Summary
In Ventre v. Pacific Indem. Co., 391 So.2d 95 (La.App. 3 Cir.1980), the appellant filed a motion to remand her appeal in order to correct the record.
Summary of this case from In re B. R. C.Opinion
No. 7966.
November 19, 1980.
APPEAL FROM 27TH JUDICIAL DISTRICT COURT, PARISH OF ST. LANDRY, STATE OF LOUISIANA, HONORABLE JOSEPH A. LaHAYE, J.
Lewis Lewis, James C. Lopez, Opelousas, for plaintiff-appellant.
Onebane, Donohoe, Bernard, Torian, Diaz, McNamara Abell, Robert L. Cabes, Lafayette, for appellant.
Bell, Faller West David S. Bell, Baton Rouge, for defendant-appellee.
Before GUIDRY, SWIFT and STOKER, JJ.
MOTION TO REMAND
The plaintiff-appellant, Emile K. Ventre, moves to remand the above captioned case to the Twenty-Seventh Judicial District Court, Parish of St. Landry, for the purpose of correcting the record. The motion is unopposed.
The pertinent facts are as follows: Judgment was rendered in this matter on August 9, 1978. The case had been taken under advisement, therefore, a notice of judgment was required under LSA-C.C.P. Article 1913. The record indicates that notice of judgment was mailed by the clerk of court on August 9, 1978. The motion for this appeal was obtained June 4, 1980. Therefore, on its face, the record reveals that this appeal is untimely filed.
The plaintiff-appellant has filed this motion to remand for the purpose of determining if notice of judgment was actually sent. The appellant contends that the record is in error and no notice of judgment was ever sent as required by LSA-C.C.P. 1913. The appellant has attached to his motion to remand the affidavit of Dolores A. Couvillion, the deputy clerk of court who prepared the record in the instant matter. The affiant states that a certificate of notice of judgment was not in the record and that she prepared a back-dated notice which was filed in the record. While an appellate court cannot accept such evidence for a decision on the merits, it may be considered in determining whether or not the case should be remanded to afford the appellant an opportunity to prove that the record is in error in this respect.

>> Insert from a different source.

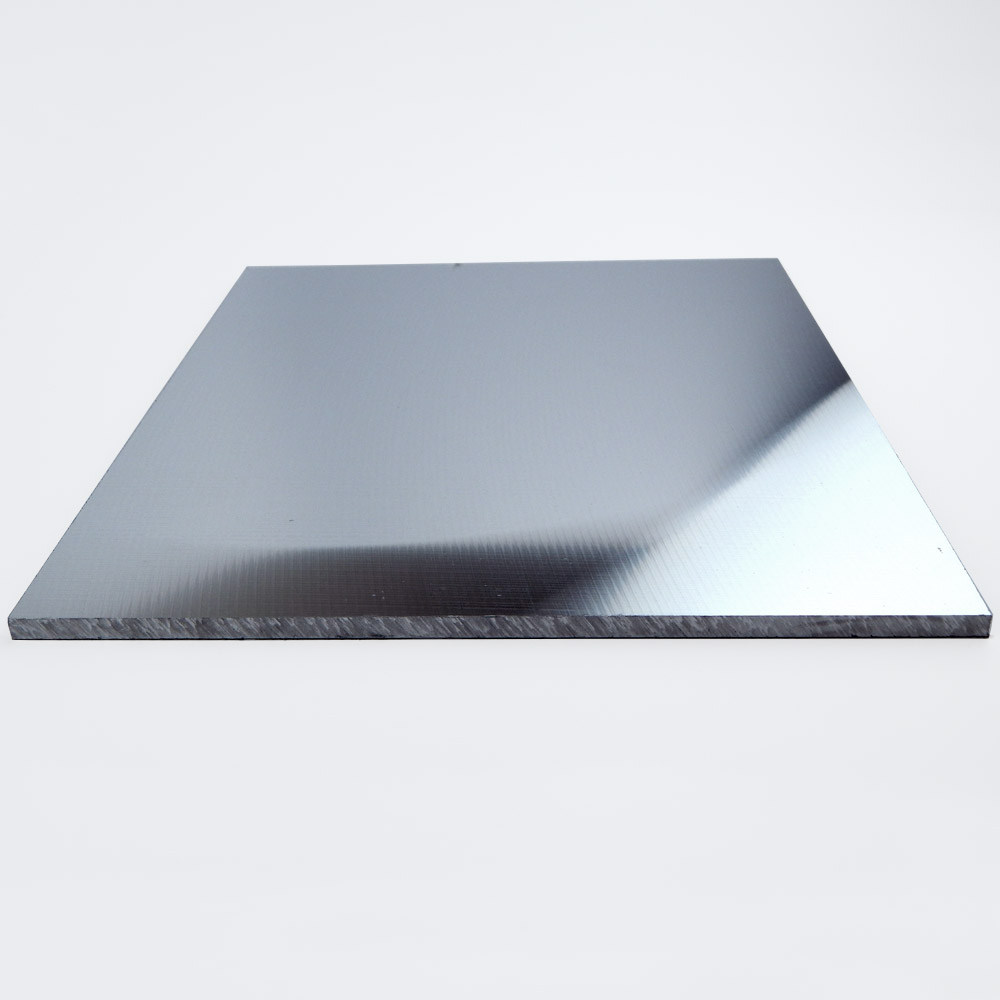 1" Aluminum Plate MIC-6-Cut Size: 12"X24"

The request for such a correction under LSA-R.S.C.C.P. Article 2132 could have been made to the trial court as the appeal did not divest it of jurisdiction in this matter. LSA-C.C.P. Article 2088(4). However, an appellate court may also remand a case to the trial court for the purpose of correcting an error in the record. A clerk's certificate is not conclusively presumed to be correct and may be corrected on proper showing. Soileau v. Tri-State Mutual Insurance Co., 206 So.2d 716 (La.App. 3 Cir. 1967).
In this interest of justice, we have decided to remand this case to the trial court for the taking of evidence and a decision by the trial judge on the factual issue of whether or not the clerk of court actually mailed the notice in compliance with LSA-C.C.P. Article 1913. After the trial court has ruled on this issue, the record will be returned to this court for further proceedings herein.
REMANDED.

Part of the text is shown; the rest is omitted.